> _Aim of the task_
Transcribe the entries exactly. Omit the pictures.

> _Dataset content_
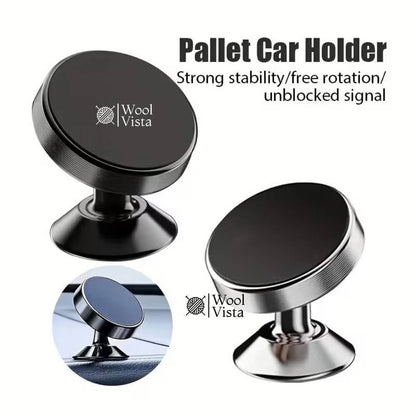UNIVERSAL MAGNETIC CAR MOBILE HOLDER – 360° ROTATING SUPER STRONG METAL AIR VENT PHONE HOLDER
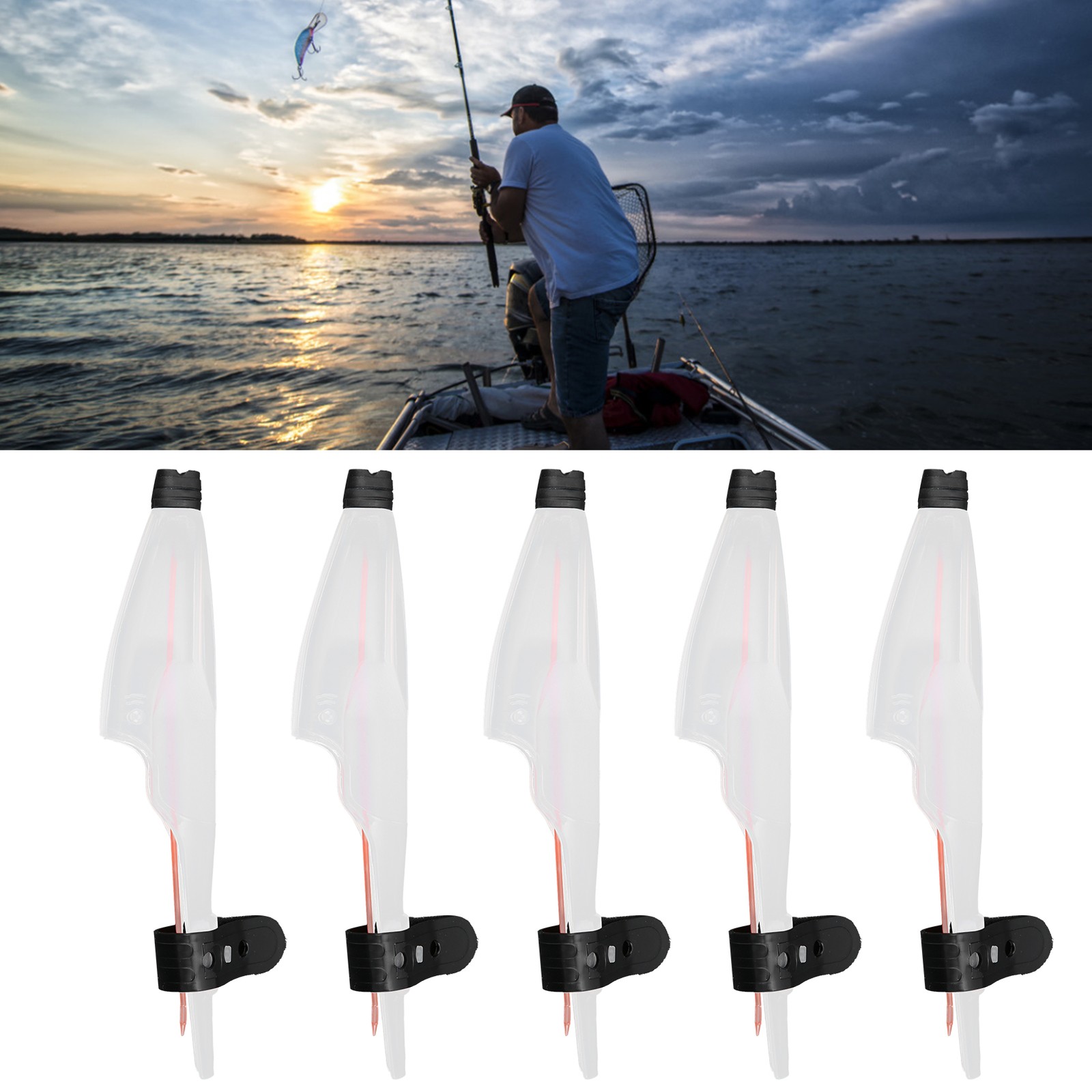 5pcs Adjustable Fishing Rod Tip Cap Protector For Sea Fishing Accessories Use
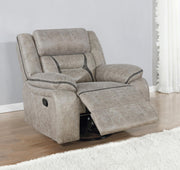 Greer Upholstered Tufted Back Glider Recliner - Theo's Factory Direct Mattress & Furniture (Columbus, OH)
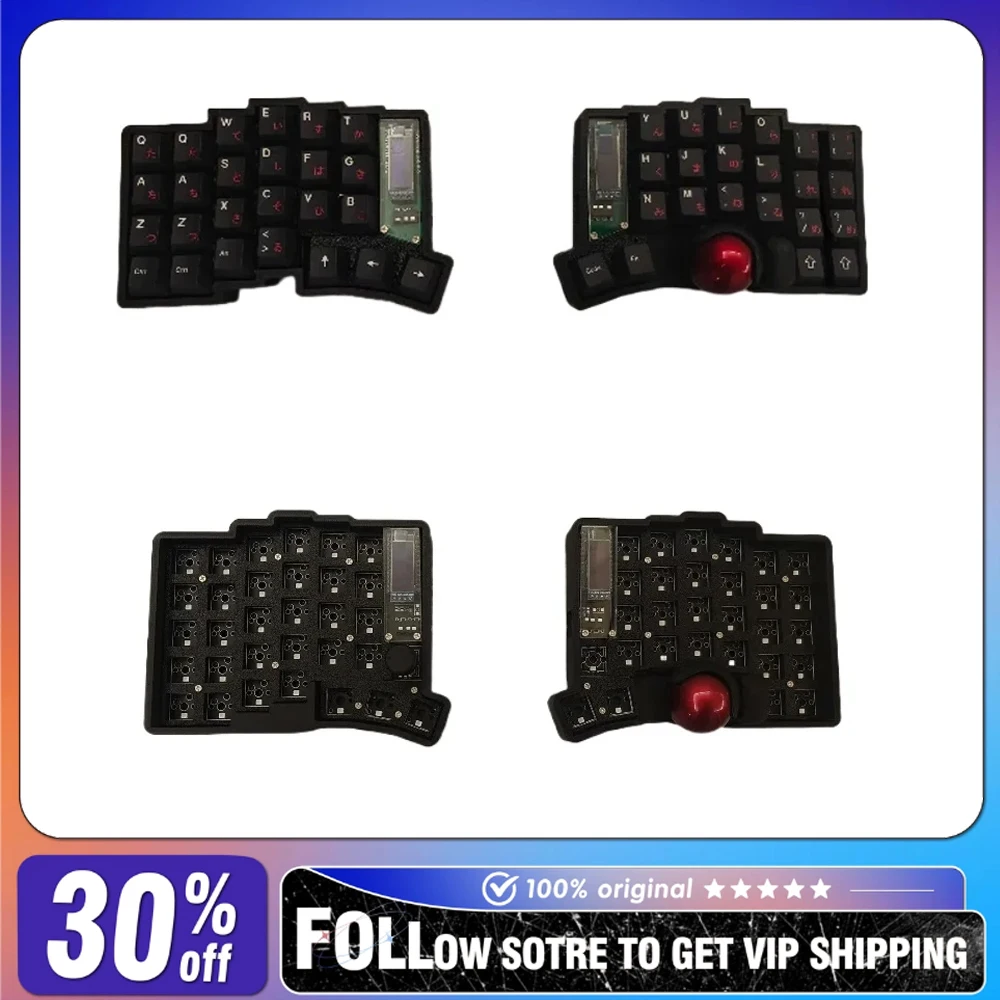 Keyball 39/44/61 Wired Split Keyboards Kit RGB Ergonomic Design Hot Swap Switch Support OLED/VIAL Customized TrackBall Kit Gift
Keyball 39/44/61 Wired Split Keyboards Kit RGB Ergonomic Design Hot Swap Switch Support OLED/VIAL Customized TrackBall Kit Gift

> _The answer_
UNIVERSAL MAGNETIC CAR MOBILE HOLDER – 360° ROTATING SUPER STRONG METAL AIR VENT PHONE HOLDER
 5pcs Adjustable Fishing Rod Tip Cap Protector For Sea Fishing Accessories Use
 Greer Upholstered Tufted Back Glider Recliner - Theo's Factory Direct Mattress & Furniture (Columbus, OH)
 Keyball 39/44/61 Wired Split Keyboards Kit RGB Ergonomic Design Hot Swap Switch Support OLED/VIAL Customized TrackBall Kit Gift
Keyball 39/44/61 Wired Split Keyboards Kit RGB Ergonomic Design Hot Swap Switch Support OLED/VIAL Customized TrackBall Kit Gift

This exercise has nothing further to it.